November is approaching and the countdown has officially begun for the largest e-commerce event in China – and in the whole world – I am obviously referring to 11.11.
But before talking about amazing figures, let’s see what the origin of this event is.
November 11 is also called Singles Day, or a day in which single people are invited to be proud instead of looking for a soul mate.
It all started in the 90s at the University of Nanjing, a group of students decided to create a day when being single would have a positive meaning, a kind of hymn to not being in a couple. It was chosen on November 11th precisely because the numbers 11.11 look like a bunch of solitary sticks.

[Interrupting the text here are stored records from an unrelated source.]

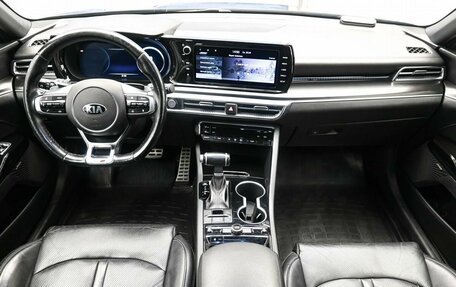 KIA K5, 2020 год, 2 969 000 рублей, 8 фотография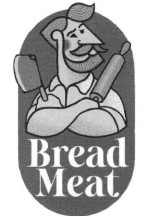 bread meat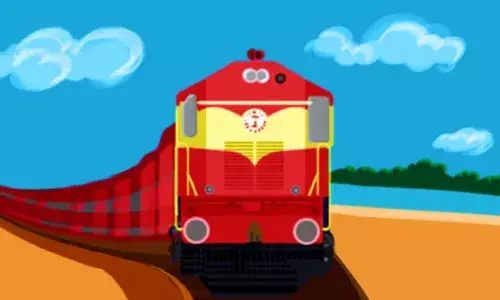 ട്രെയിന്‍ അപ്‌ഡേഷന് ഈ മൂന്ന് ആപ്പുകള്‍ ഉപയോഗിക്കരുത്; യാത്രക്കാര്‍ നാഷണല്‍ ട്രെയിന്‍ എന്‍ക്വയറി സിസ്റ്റം ഉപയോഗിക്കുക; മുന്നറിയിപ്പുമായി റെയില്‍വേ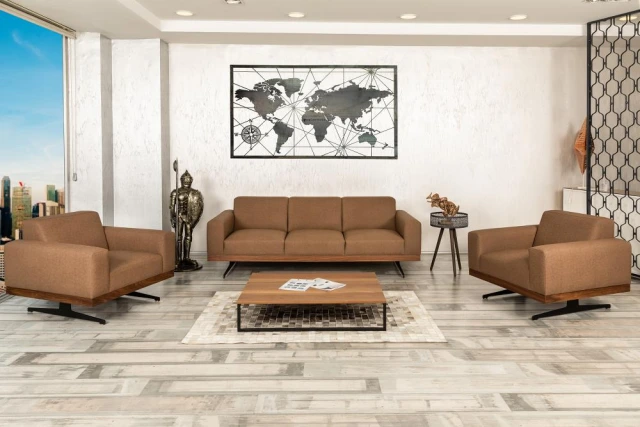 Loft Oturma Koltuğu ve Kanepe kapak görseli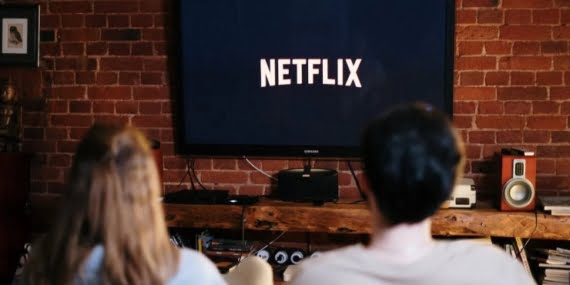 İşte Netflix’te geçen hafta en çok izlenen 5 dizi!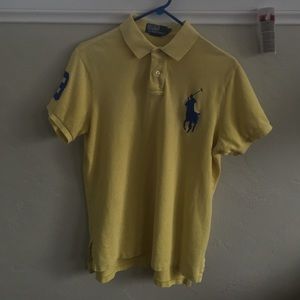 Ralph Lauren Polo 🐎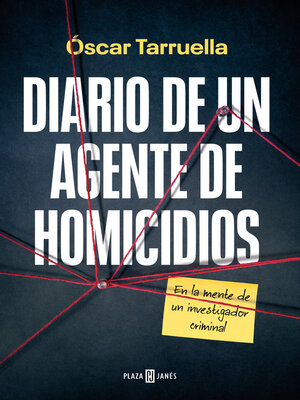 Diario de un agente de homicidios - ebook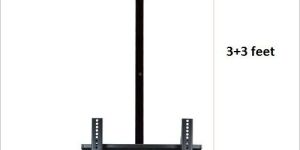 TV Ceiling Mount Bracket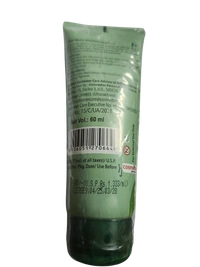 Opal Neem Aloevera Face Wash - 60ML(Pack of 2)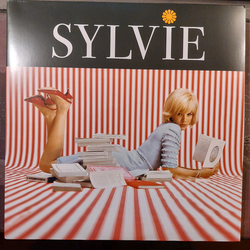 Sylvie Vartan Salut Les Copains! Beginnings Of Ye Ye! RECORD STORE DAY RSD 2023 VINYL 2LP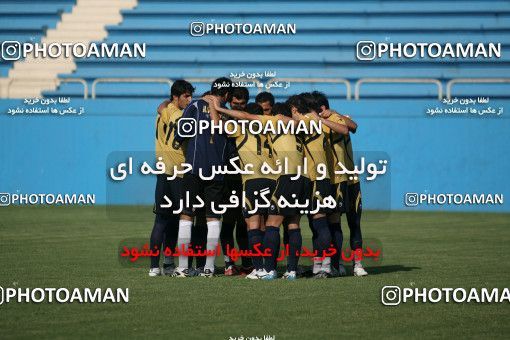 1203776, Tehran, [*parameter:4*], لیگ برتر فوتبال ایران، Persian Gulf Cup، Week 4، First Leg، Rah Ahan 1 v 2 Saipa on 2008/08/24 at Ekbatan Stadium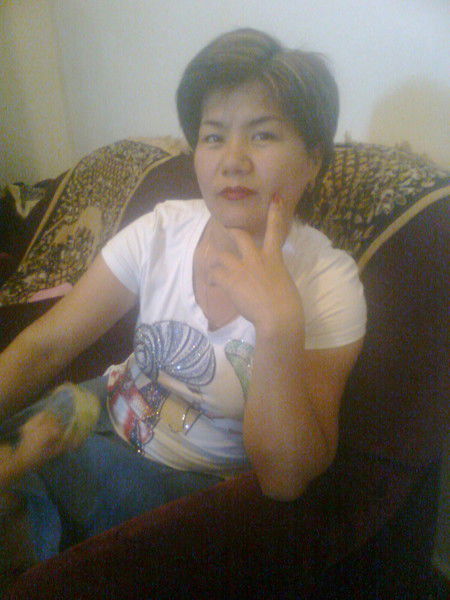 Фарида Токтыкбаева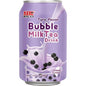 Rico Bubble Milk Tea Drink Taro  340ml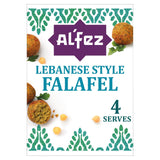 Al'Fez Lebanese Middle Eastern Falafel Kit 150g - McGrocer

This idea immediately became popular in China, turning 11.11 into a kind of anti-Valentine’s Day, complete with jokes to discourage couple relationships (for example, booking alternate seats at the cinema during a romantic movie screening, to prevent couples from sitting close).
Over the years it has become a commercial event, whose intrinsic meaning remains the same: to dedicate time to yourself and to what you like, beyond your sentimental state.
Alibaba chose this date in 2009 to create what would become the largest commercial event in the world.
So here we are with the amazing features: in 2019 the total value of sales reached 38 billion dollars. Let’s remember that it all happens in one day. To understand, the same year Amazon recorded net revenue of 70 billion dollars in the third quarter; Alibaba made over half of that number in just 24 hours.
Over 200,000 brands participated in the 2019 shopping festival, including over 22,000 international brands, with one million new products on offer.
According to China’s State Post Bureau, approximately 2.8 billion packages were distributed and delivered in the week following Singles Day in 2019.
Alibaba Group Executive Vice President Joe Tsai then said, “We are seeing the unleashing of Chinese consumer purchasing power” before adding, “We are really seeing the story because we are witnessing the change in the economy – shifting the focus away from status to the consumer. “
What happens is a real show, live-stream parades where you can buy the clothes that the models wear, guests of the thick of Kim Kardashian, Taylor Swift, acrobats, and of course influencers. Everything is projected online, in an ecosystem that is increasingly based on consumer experience.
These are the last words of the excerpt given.